​I’m sure everyone is expecting me to say that my biggest disappointment is the fact that my child is disabled in the first place.

​Well it’s not.

Don’t get me wrong, I’d never wish for her to be disabled.

This isn’t the path I’d have chosen for her, for me, for any of us. But now we’re on it, we’re making the best of it.

No, no my biggest disappointment is my parents.

My disabled child’s grandparents.

Never did I imagine they would have been such a disappointment.

Never did I imagine that they’d so totally and utterly let her down and let me down.

When we’ve embraced it, they’ve ran a mile. When the going got tough, they got going.

The early signs were there that my parents wouldn’t feel ‘comfortable’ with the fact that they had a disabled grandchild.

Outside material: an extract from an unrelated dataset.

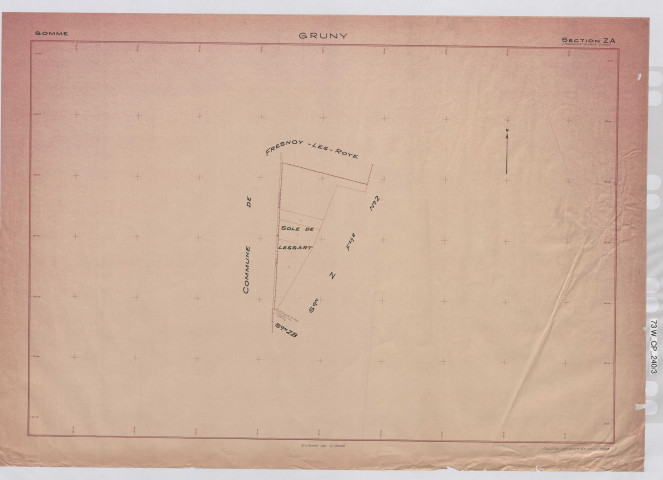 Plan du cadastre rénové - Gruny : section ZA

They struggled to interact with her in any way. My dad even refused to lift her. It was difficult to ignore comments like ‘This sort of thing never happened in our day.’

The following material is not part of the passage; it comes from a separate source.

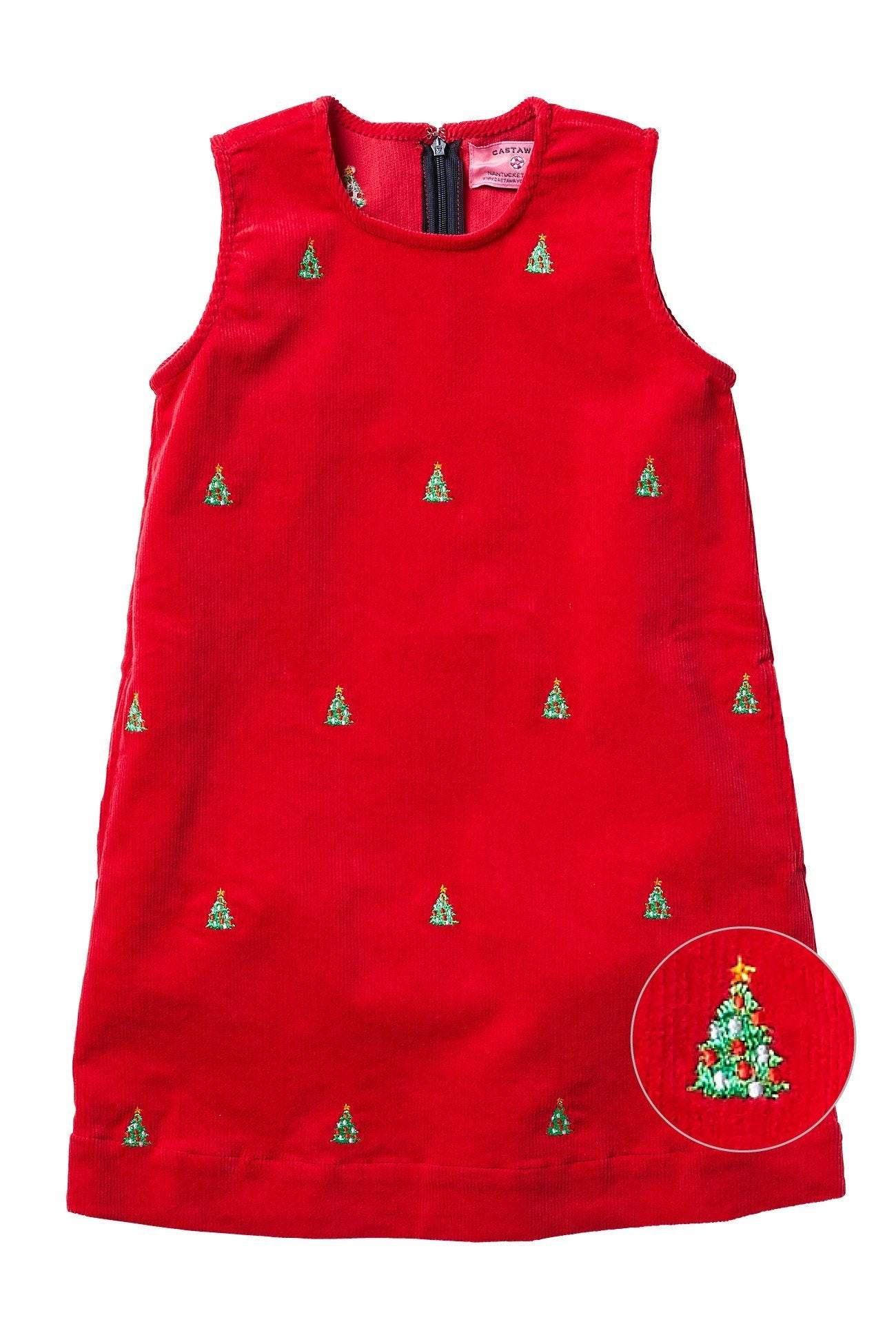 Girls Corduroy Shift Dress - Crimson Red with Christmas Tree Print - Holiday Party, Christmas Outfit, Festive Family Gathering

No mum, it did, it really did. Previous generations just locked their disabled relatives in institutions to forever forgotten.’

Leaflets about our daughter’s condition were pushed to one side, left unread and eventually dropped in to the recycling bin. I was unfriended from Facebook because I posted too much about special needs issues.

Discussions about her future were quickly closed down, never to be spoken about.

In my family, the rules are simple; do not draw attention to yourself & do not make a scene.

That’s kind of impossible with a child with special needs. Loud noises, flapping and strange behaviours are usually part of the package.

You learn to grow a thick skin, ignore the stares and get on with living life the best you can.

They just couldn’t do it - she was an embarrassment to them. And over time they stopped coming out with us and their visits to our home got less and less.

Excuses were made at Christmas because it was no longer the relaxing event they expected it to be. Birthday cards were put in the post and not hand delivered with a present as they had been in the past.

Ten years on and we very rarely see them.

It’s sad isn’t it?

I’ve come to terms with it, it still hurts but not as much as it used to. But what I find difficult to comprehend is how they managed to do a fairly good job with me yet could not step up to the mark and be a great grandparent.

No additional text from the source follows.